▶ [SOURCE DATA]:

*** Begin section ***

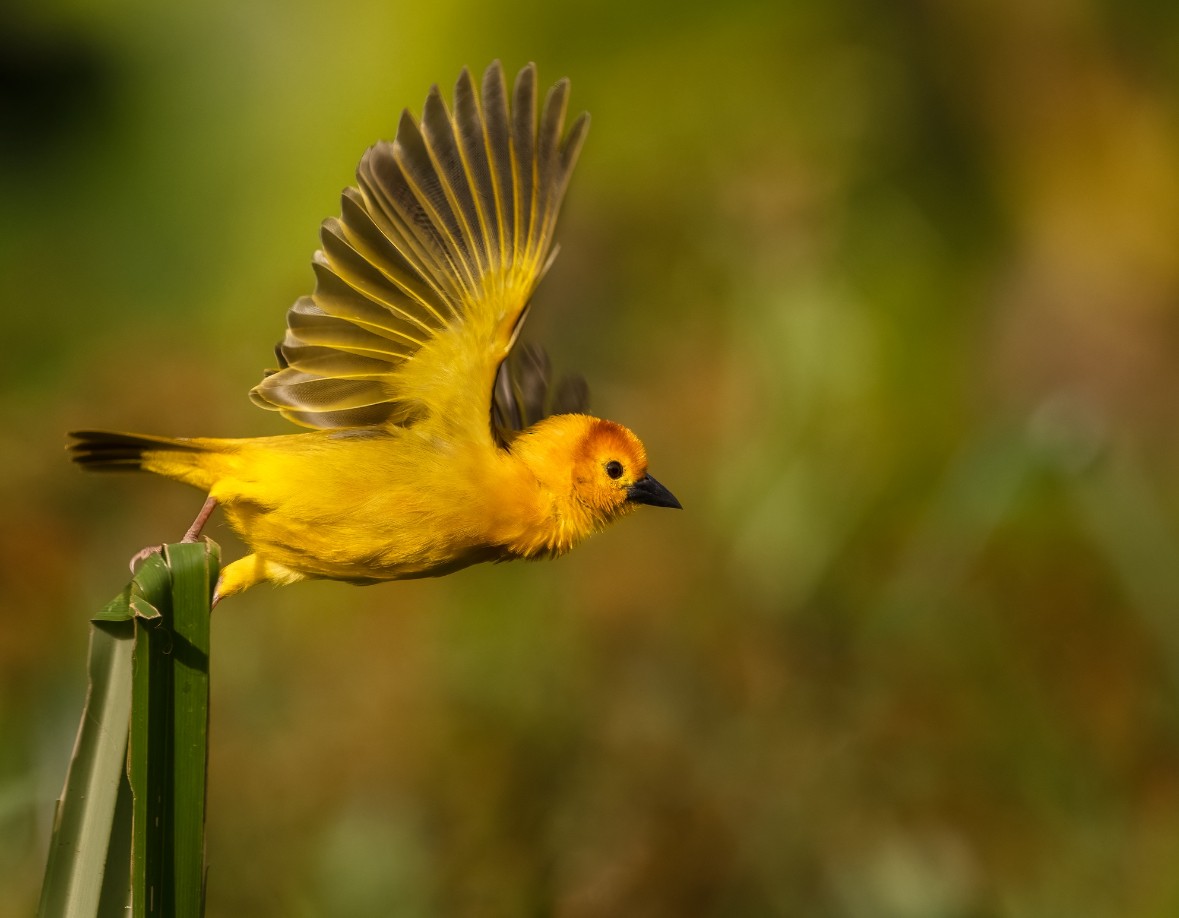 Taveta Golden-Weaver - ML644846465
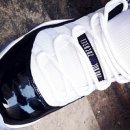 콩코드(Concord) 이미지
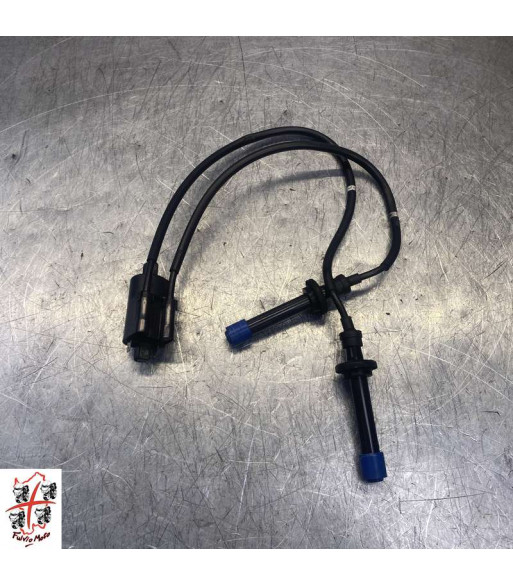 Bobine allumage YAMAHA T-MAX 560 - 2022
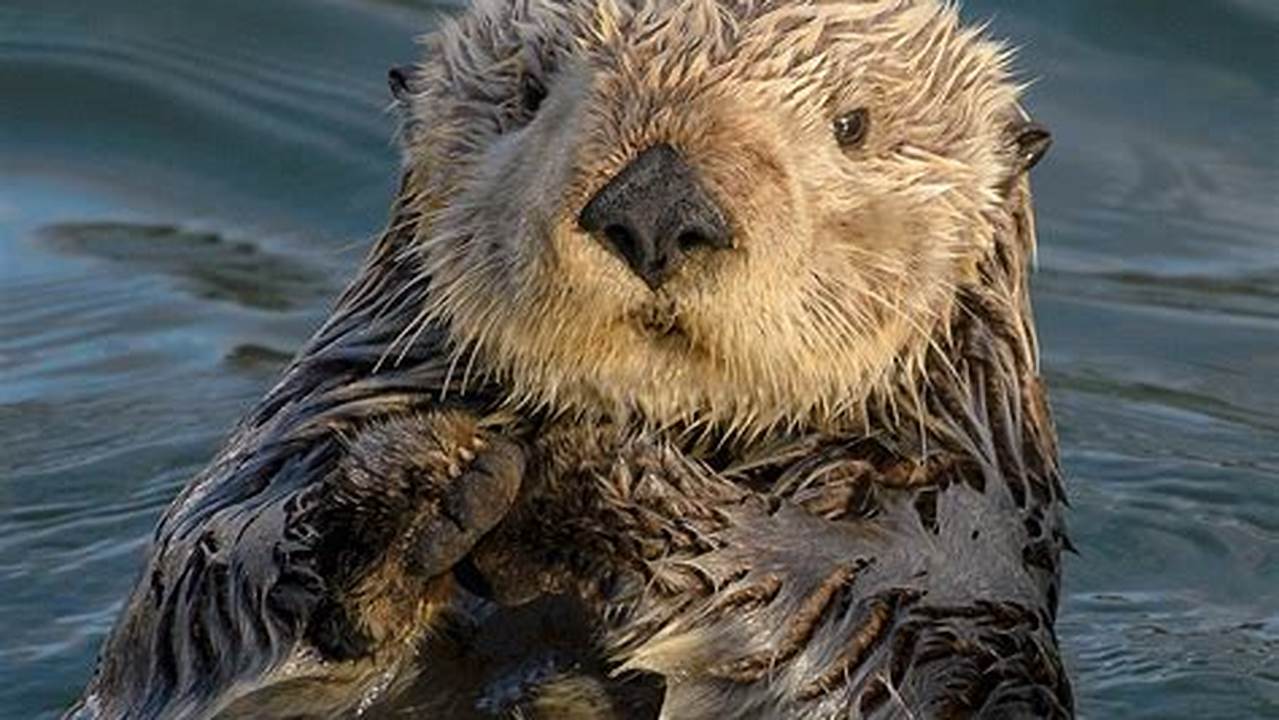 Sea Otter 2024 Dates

*** End section ***

▶ [TASK DETAILS]:
Give an exact copy of the listing, without its pictures.

▶ [WORKED SOLUTION]:
 Taveta Golden-Weaver - ML644846465
 콩코드(Concord) 이미지
 Bobine allumage YAMAHA T-MAX 560 - 2022
 Sea Otter 2024 Dates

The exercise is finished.